## PROBLEM TO WORK ON:
With any pictures left out, restate word for word the lines in the listing below from the one holding "Herverkoop - Appartement" through the last.

PROVIDED MATERIAL Start Marker

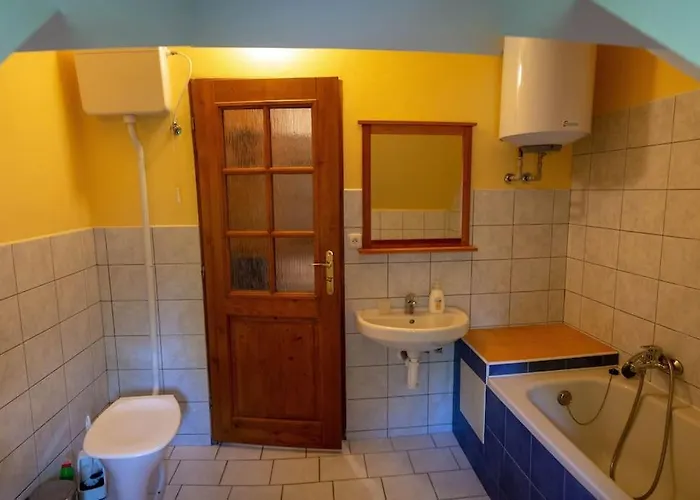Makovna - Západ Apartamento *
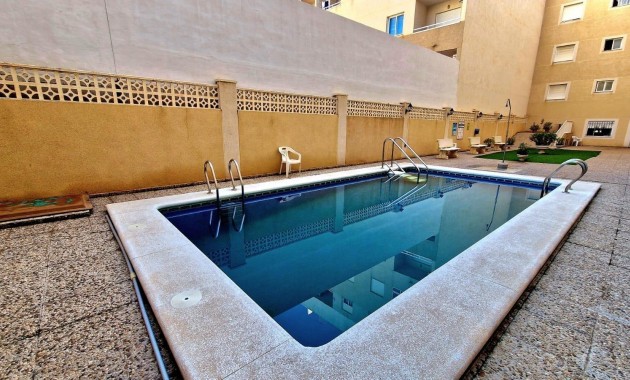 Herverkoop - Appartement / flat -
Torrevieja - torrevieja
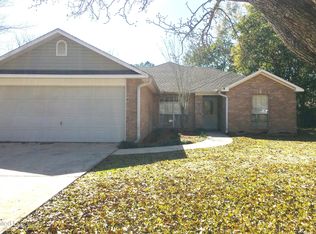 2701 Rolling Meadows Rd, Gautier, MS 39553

PROVIDED MATERIAL End Marker

## RESULT BELOW:
 Herverkoop - Appartement / flat -
Torrevieja - torrevieja
 2701 Rolling Meadows Rd, Gautier, MS 39553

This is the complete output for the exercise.